▶ Activity
The exercise calls for the lines from the one containing "Hosszú ujjú zsályazöld, gombos" to the end of the data below to be output exactly, pictures excluded.

▶ Available data
== == ==

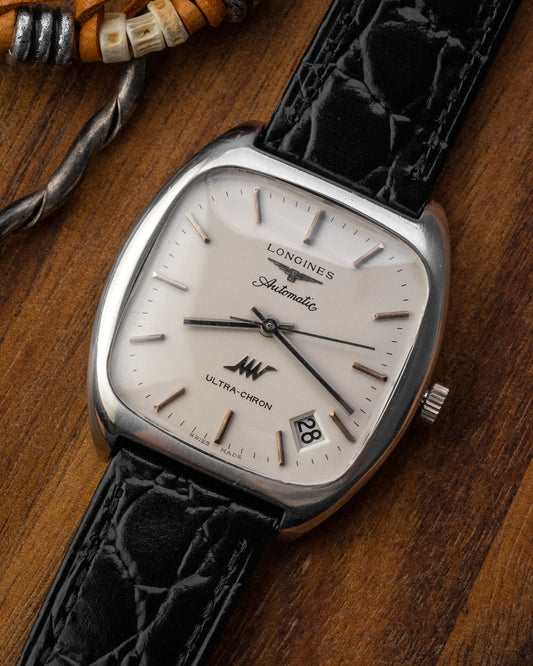 Longines Ultra-Chron “Square-Cushion” Automatic Date Ref. 8418-1 (Cal. 431)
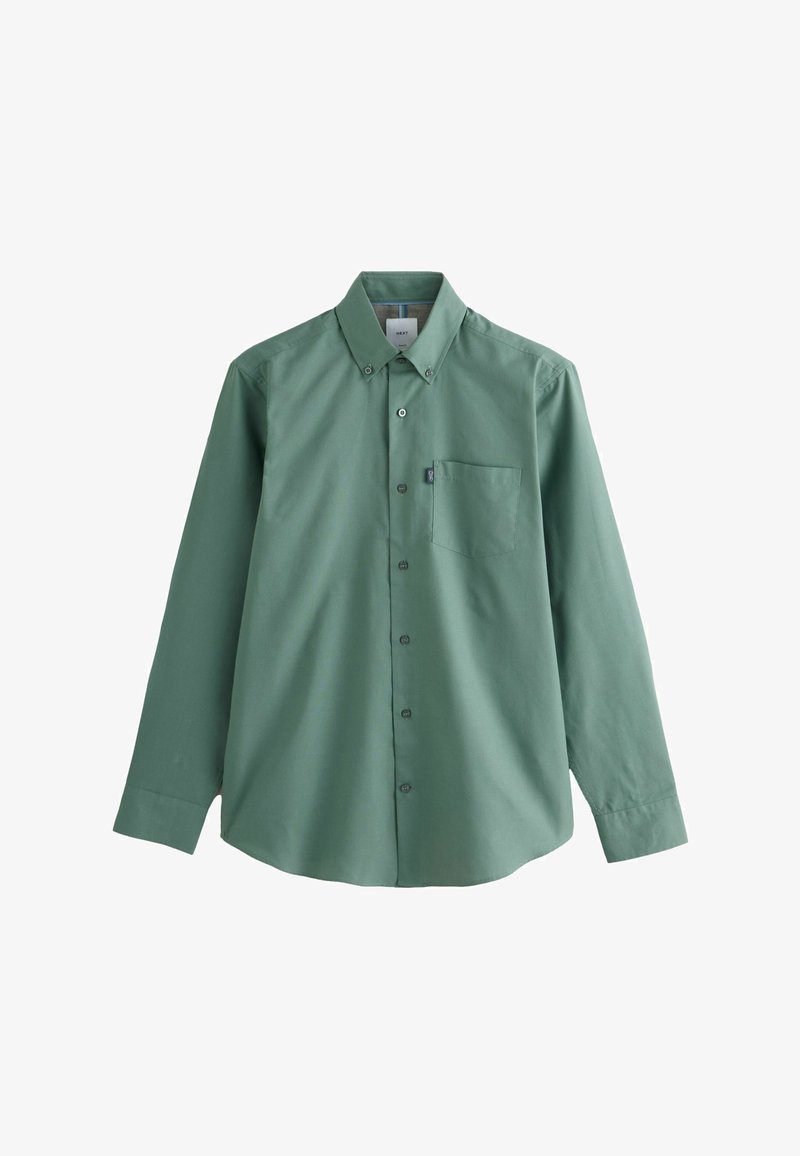 Hosszú ujjú zsályazöld, gombos felső zsebbel a bal mellrészen és gombos gallérral, fehér háttéren bemutatva.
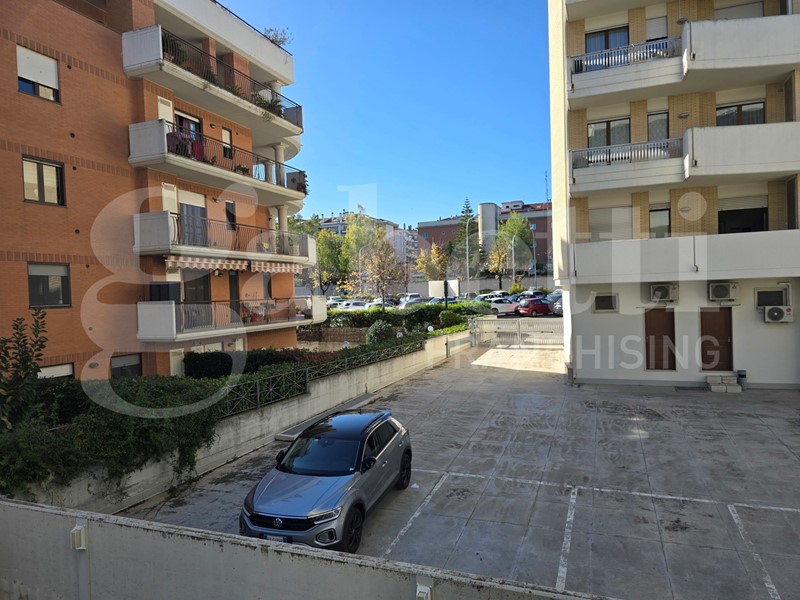 Ufficio in Vendita a Vasto, 129'000&euro;, 68 m², arredato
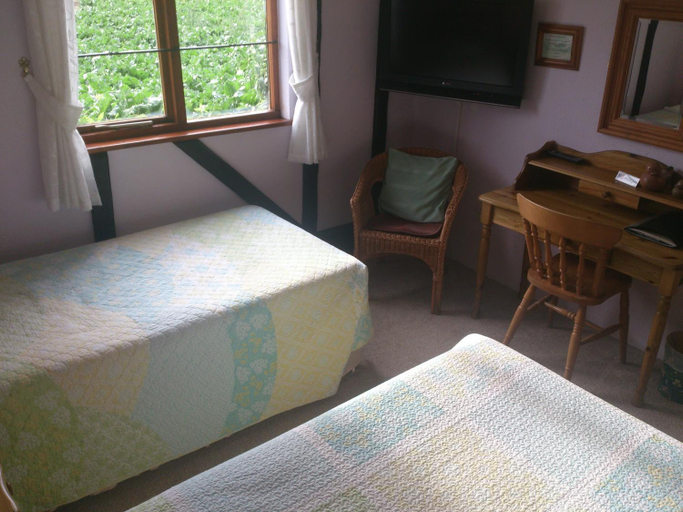 Bedroom 2, Six Bells, Suffolk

== == ==

▶ Answer box
 Hosszú ujjú zsályazöld, gombos felső zsebbel a bal mellrészen és gombos gallérral, fehér háttéren bemutatva.
 Ufficio in Vendita a Vasto, 129'000&euro;, 68 m², arredato
 Bedroom 2, Six Bells, Suffolk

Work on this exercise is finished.